Ok I'll hit it with a blanket spray. How long after application should I wait to water?


----------



## Greendoc (Mar 24, 2018)

24 hours at least


----------



## Jeremy3292 (Apr 30, 2020)

Greendoc said:


> Jeremy3292 said:
> 
> 
> > Greendoc said:
> ...


This is great info - thanks!

One last thing - 4 oz per acre of Sulfentrazone is dependent on what % AI you are using. What is your % for this 4 oz example?


----------



## SCGrassMan (Dec 17, 2017)

@Jeremy3292 What he is referring to is 4 ounces of active ingredient per acre. You have to calculate what that is by reading the label of the product you are applying.

@Greendoc if I can only afford one of the fancier products you're recommending, should I do Quicksilver + Imaz, or Certainty + Imaz?


----------



## Jeremy3292 (Apr 30, 2020)

SCGrassMan said:


> @Jeremy3292 What he is referring to is 4 ounces of active ingredient per acre. You have to calculate what that is by reading the label of the product you are applying.


I don't believe that is correct. It would be 4 oz of the product you are using per acre, not 4 oz of AI per acre.

In hindsight after rereading his post, he did say 4 oz of Dismiss which is 39.6% pure sulfentrazone or 1.584 oz AI per acre.


----------



## SCGrassMan (Dec 17, 2017)

Jeremy3292 said:


> SCGrassMan said:
> 
> 
> > @Jeremy3292 What he is referring to is 4 ounces of active ingredient per acre. You have to calculate what that is by reading the label of the product you are applying.
> ...


That would be an uncharacteristic for Greendoc.
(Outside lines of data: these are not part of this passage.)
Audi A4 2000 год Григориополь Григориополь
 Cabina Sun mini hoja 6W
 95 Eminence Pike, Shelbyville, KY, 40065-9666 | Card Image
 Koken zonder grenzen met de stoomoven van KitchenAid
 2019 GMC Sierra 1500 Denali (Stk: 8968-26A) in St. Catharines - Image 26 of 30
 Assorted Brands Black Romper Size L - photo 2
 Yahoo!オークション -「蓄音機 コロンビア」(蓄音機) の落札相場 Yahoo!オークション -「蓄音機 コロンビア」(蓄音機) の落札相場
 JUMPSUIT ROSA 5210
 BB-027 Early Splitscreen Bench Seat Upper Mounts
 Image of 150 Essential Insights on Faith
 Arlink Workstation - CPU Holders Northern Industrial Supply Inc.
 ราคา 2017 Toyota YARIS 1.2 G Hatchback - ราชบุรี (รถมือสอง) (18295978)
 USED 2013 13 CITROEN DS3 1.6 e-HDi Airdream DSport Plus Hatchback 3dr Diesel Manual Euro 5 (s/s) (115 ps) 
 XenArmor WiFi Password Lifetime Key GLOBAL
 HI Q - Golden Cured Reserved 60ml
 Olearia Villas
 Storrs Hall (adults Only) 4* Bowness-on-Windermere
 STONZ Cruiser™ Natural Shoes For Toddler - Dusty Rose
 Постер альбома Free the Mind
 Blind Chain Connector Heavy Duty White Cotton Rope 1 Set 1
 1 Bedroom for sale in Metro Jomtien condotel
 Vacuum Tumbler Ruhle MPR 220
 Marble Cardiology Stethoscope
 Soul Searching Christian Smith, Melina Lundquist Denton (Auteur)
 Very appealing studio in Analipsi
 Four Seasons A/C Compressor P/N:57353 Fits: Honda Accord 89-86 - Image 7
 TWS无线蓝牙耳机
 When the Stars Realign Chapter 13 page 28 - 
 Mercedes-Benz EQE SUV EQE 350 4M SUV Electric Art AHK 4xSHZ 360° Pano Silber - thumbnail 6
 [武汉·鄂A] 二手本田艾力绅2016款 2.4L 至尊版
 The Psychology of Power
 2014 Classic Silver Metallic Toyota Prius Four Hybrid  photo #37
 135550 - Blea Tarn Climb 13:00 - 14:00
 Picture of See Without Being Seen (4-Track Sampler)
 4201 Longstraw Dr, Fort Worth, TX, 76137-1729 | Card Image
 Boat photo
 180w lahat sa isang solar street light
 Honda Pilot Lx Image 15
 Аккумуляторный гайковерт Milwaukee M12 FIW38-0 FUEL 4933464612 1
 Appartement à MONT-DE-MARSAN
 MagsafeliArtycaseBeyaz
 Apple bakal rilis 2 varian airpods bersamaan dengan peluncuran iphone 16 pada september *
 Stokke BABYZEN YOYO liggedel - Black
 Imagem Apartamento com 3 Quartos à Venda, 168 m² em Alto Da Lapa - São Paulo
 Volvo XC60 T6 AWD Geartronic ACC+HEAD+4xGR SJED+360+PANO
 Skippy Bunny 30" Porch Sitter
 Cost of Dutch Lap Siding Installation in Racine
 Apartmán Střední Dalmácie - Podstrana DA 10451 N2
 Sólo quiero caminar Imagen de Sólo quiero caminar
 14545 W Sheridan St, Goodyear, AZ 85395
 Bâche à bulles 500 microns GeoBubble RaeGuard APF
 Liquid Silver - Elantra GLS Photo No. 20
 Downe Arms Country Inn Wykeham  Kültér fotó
But assuming that he meant the product, all people putting out products should be putting it out based on what the label says is the amount of active ingredient. 100% he knows that 4 oz of his Dismiss is 1.584 ounces if that is what he meant.

Always always ALWAYS read the label, no matter what The Internet tells you.


----------



## Greendoc (Mar 24, 2018)

I never ever refer to product rates by calculating out how much actual active ingredient that would be contained. I always refer to the actual product and its usage in accordance with the label. In the case of Dismiss, 4 oz of the product which is a label rate. Keeping things simple and consistent prevents confusion and mishaps.


----------



## SCGrassMan (Dec 17, 2017)

Greendoc said:


> I never ever refer to product rates by calculating out how much actual active ingredient that would be contained. I always refer to the actual product and its usage in accordance with the label. In the case of Dismiss, 4 oz of the product which is a label rate. Keeping things simple and consistent prevents confusion and mishaps.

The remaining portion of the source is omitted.